§ Exercise details: Can you set down, exactly as they appear below, the lines from the opening of the material through the one bearing "BENARKAH KEMATIAN SESEORANG", minus the pictures?

§ Given data:
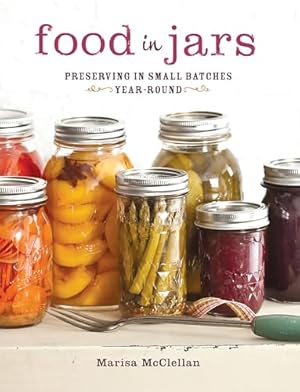 Food in Jars: Preserving in Small Batches Year-Round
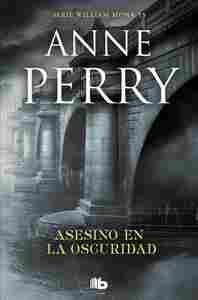 ASESINO EN LA OSCURIDAD (DETECTIVE WILLIAM MONK 15)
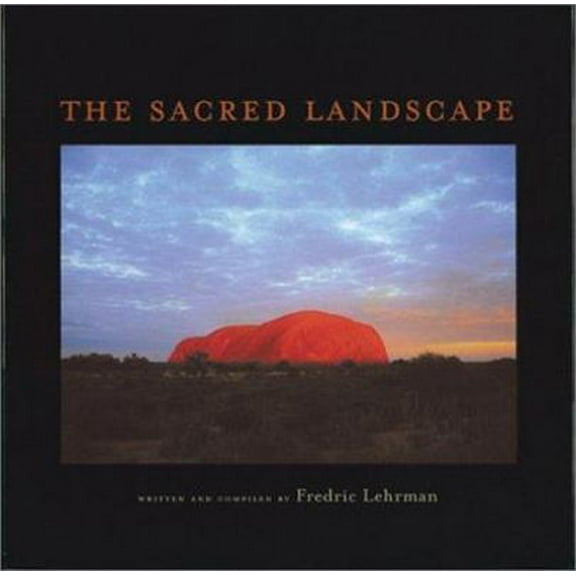 Pre-Owned The Sacred Landscape (Paperback) 1587610930 9781587610936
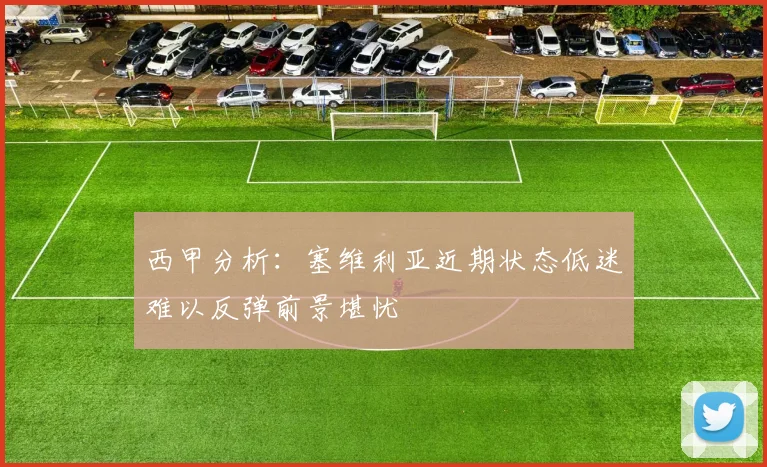 西甲分析：塞维利亚近期状态低迷难以反弹前景堪忧
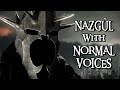 Nazgl with normal voices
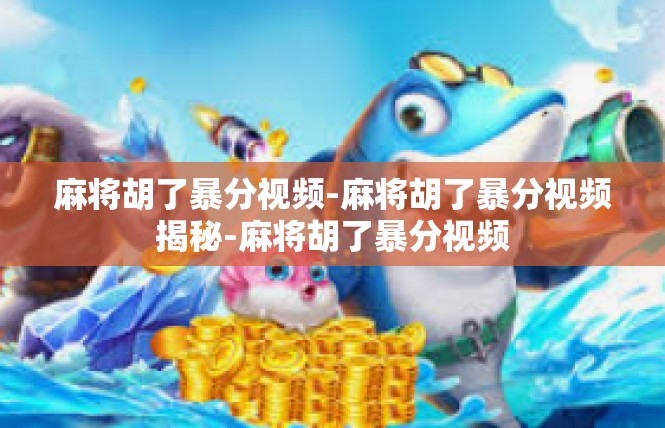麻将胡了暴分视频-麻将胡了暴分视频揭秘-麻将胡了暴分视频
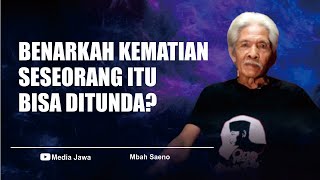 BENARKAH KEMATIAN SESEORANG ITU BISA DITUNDA?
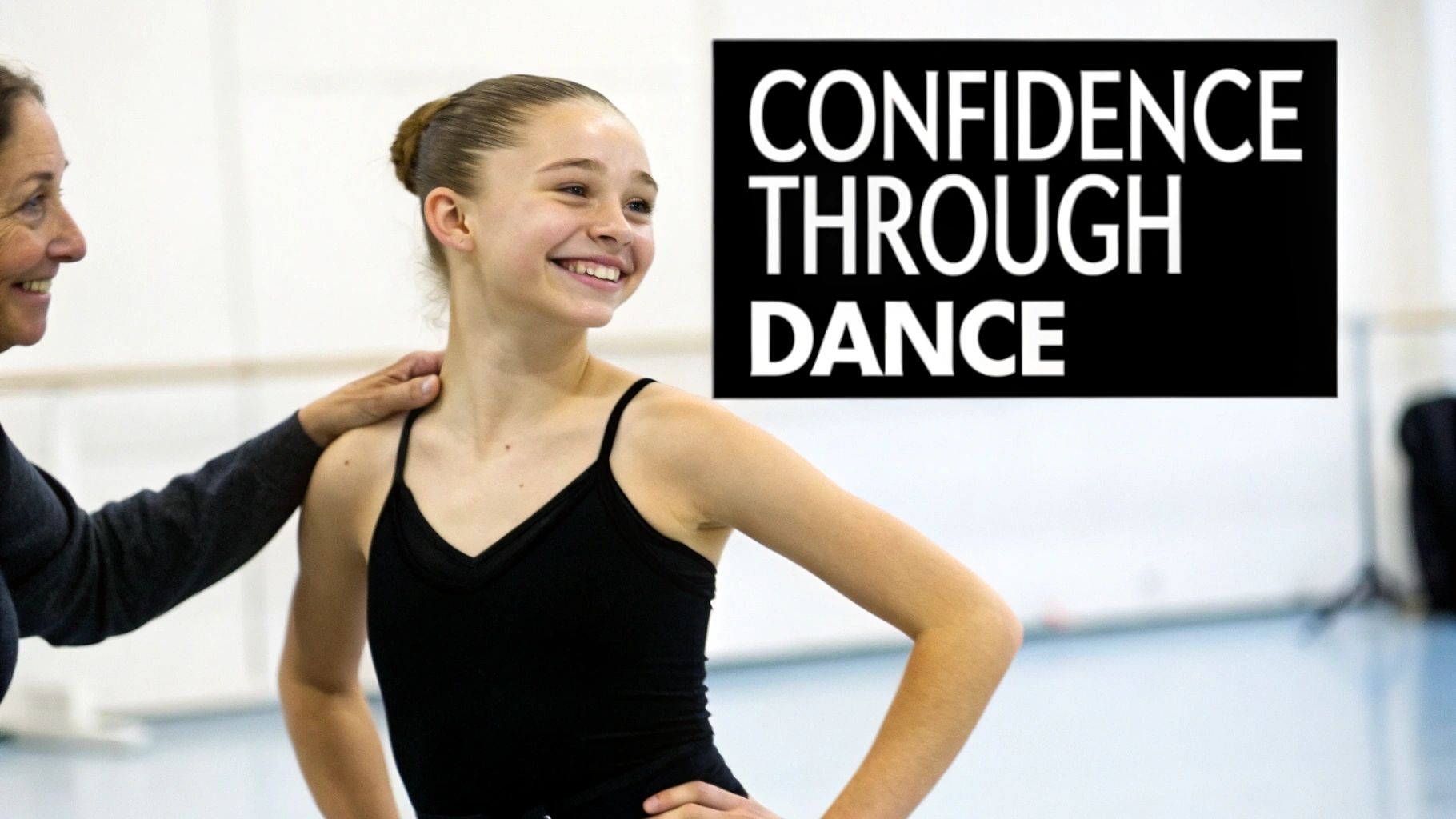 A smiling young ballet dancer in a black leotard with an older woman's hand on her shoulder, in a dance studio, with text “CONFIDENCE THROUGH DANCE”.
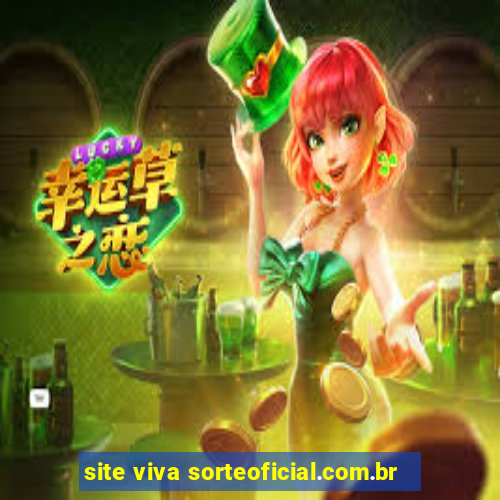 site viva sorteoficial.com.br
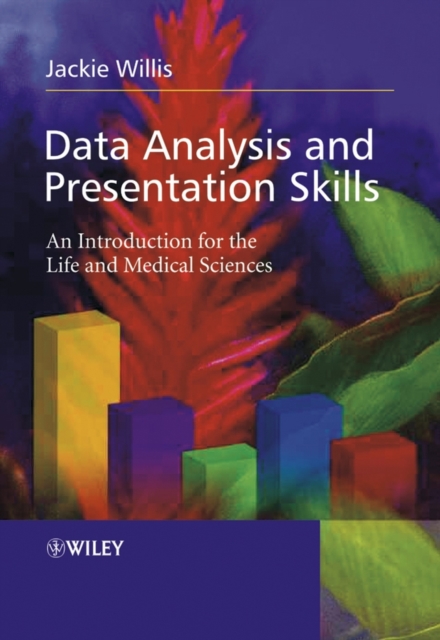 Data Analysis and Presentation Skills : An Introduction for the Life and Medical Sciences, Hardback Book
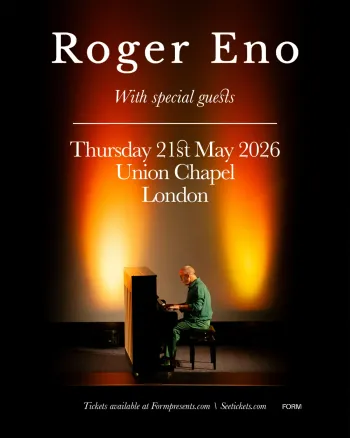 Roger Eno at Union Chapel on 21 May 2026 gig poster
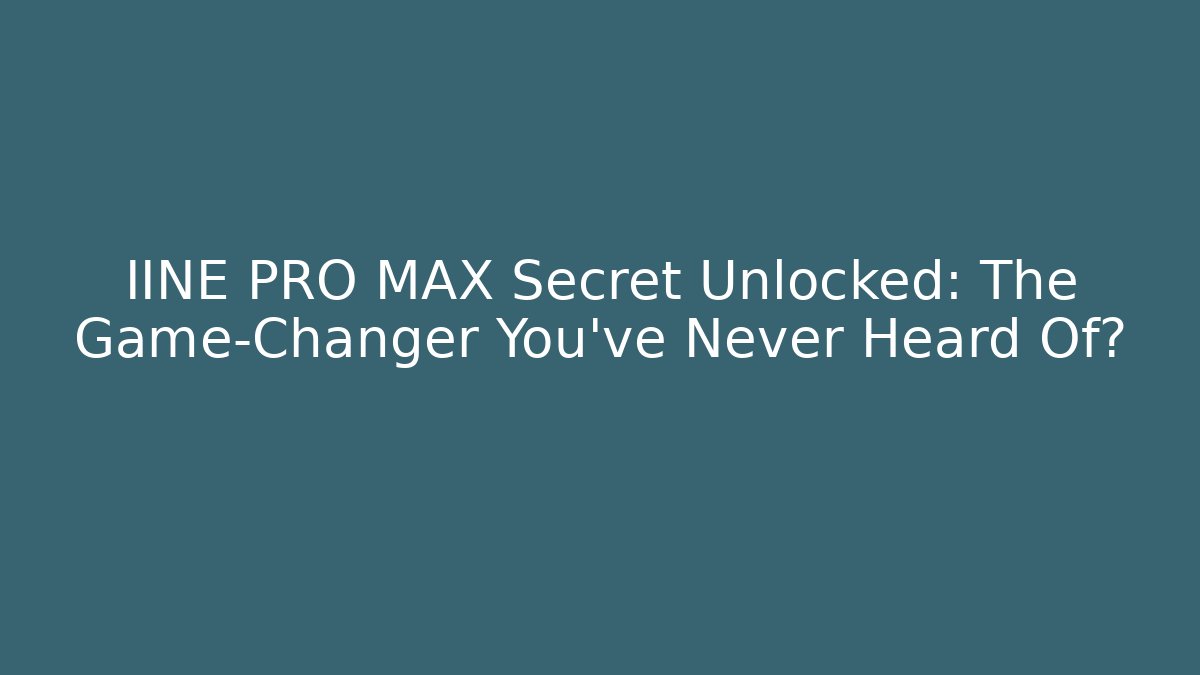 IINE PRO MAX Secret Unlocked: The Game-Changer You’ve Never Heard Of?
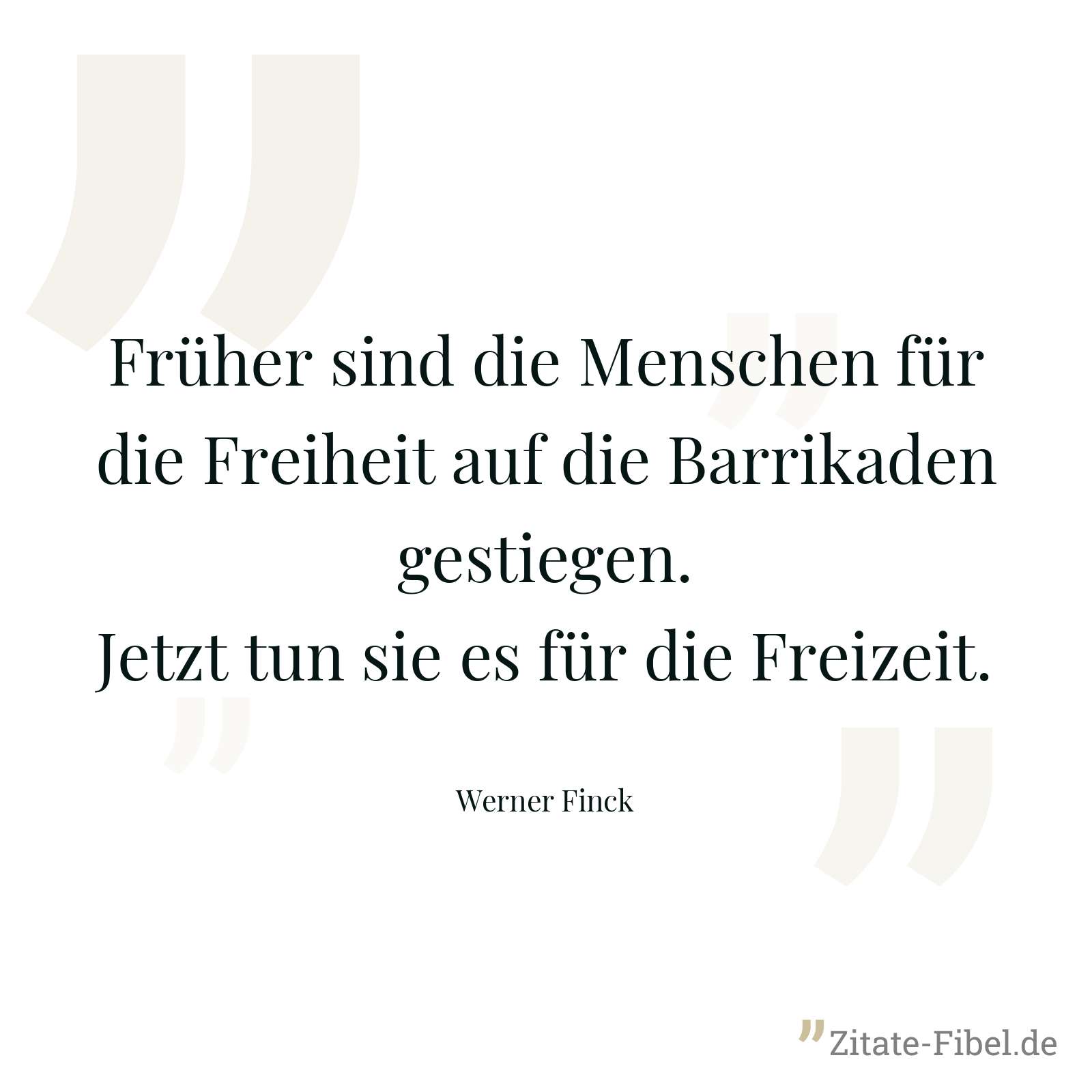 Früher sind die Menschen für die Freiheit auf die Barrikaden gestiegen. Jetzt tun sie es für die Freizeit. - Werner Finck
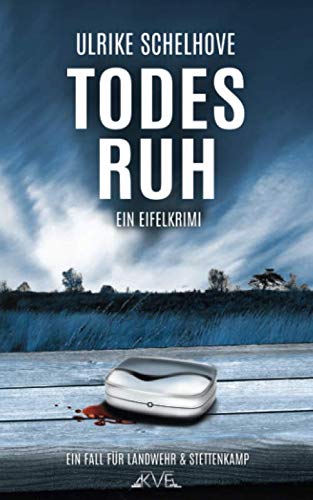 Todesruh: Ein Eifelkrimi (Ein Fall für Ilka Landwehr & Alex Stettenkamp, Band 13) von Independently published
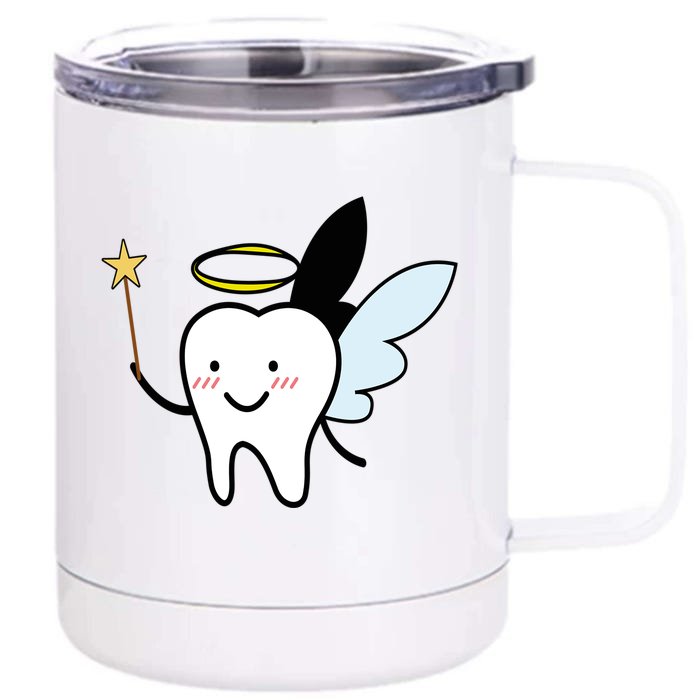 Cut Tooth Fairy For Dental Assistant Dental Hygienis Gift Front & Back 12oz Stainless Steel Tumbler Cup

§ Your solution:
 Food in Jars: Preserving in Small Batches Year-Round
 ASESINO EN LA OSCURIDAD (DETECTIVE WILLIAM MONK 15)
 Pre-Owned The Sacred Landscape (Paperback) 1587610930 9781587610936
 西甲分析：塞维利亚近期状态低迷难以反弹前景堪忧
 Nazgl with normal voices
麻将胡了暴分视频-麻将胡了暴分视频揭秘-麻将胡了暴分视频
 BENARKAH KEMATIAN SESEORANG ITU BISA DITUNDA?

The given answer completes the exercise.